Every week(ish) I send out new ideas, writings, and interesting links on marketing, business, and life. It’s free & curated by me. Get on the list.

The question that was proposed by the Oracle Marketing Cloud team ahead of this year's event was simple:

“What does it take to be a great marketer in the age of the customer?” 

Modern CX 2019 tried to answer it for attendees from 37 countries, with 323 sessions and 424 speakers across 3 very busy days.

I was part of this year’s event as a speaker, correspondent (follow me on Twitter) and researcher (if you haven’t taken my 7-minute survey, please do!)

My POV comes as a marketer who was part of Eloqua Experience for years as a sponsor and partner, then a speaker and attendee at Modern Marketing Experience after the acquisition by Oracle, and now as a freelance consultant and observer at Modern Customer Experience. 

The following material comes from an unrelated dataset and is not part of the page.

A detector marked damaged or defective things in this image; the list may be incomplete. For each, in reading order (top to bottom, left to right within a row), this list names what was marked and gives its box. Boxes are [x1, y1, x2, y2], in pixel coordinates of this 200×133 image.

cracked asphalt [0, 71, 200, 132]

Here are my top three takeaways + action items (with bonus one-liners at the end) for marketers:

1. Oracle wants to help you outsmart time.

New EVP and GM of Oracle CX Cloud, Rob Tarkoff, first asked if there were any clocks visible in Las Vegas.

His point:

“Time is the currency of the Experience Economy."

"It’s now. It’s urgent. CX is a race against time… It’s about looking at the world through your customers’ eyes and asking yourself: Is every experience that my brand delivers worth the time a customer invests with me?”

This focus on time was a common thread of the main stage talks. 

New updates to the Oracle Marketing Cloud reflect this focus, allowing marketers to make the most of the limited time they do have with prospects, and optimize the “micro-moments” that occur in the process of a buyer engaging with a company. 

The best place to read about those is within Ginger Conlon's thorough piece for The Drum:

Updates to Oracle Infinity and Oracle Maxymiser include an integration between the two designed to provide marketers with the ability to visualize user behaviors with heat and zone maps — allowing them to improve the customer experience on their website. [Maximizing their time on-site.]

Additionally, the new Oracle Infinity Action Center provides insight into behavioral data from across touchpoints that marketers can use to improve segmentation and better personalize communications in real time. And a new Recommender engine uses that behavioral data to support one-to-one targeting at scale.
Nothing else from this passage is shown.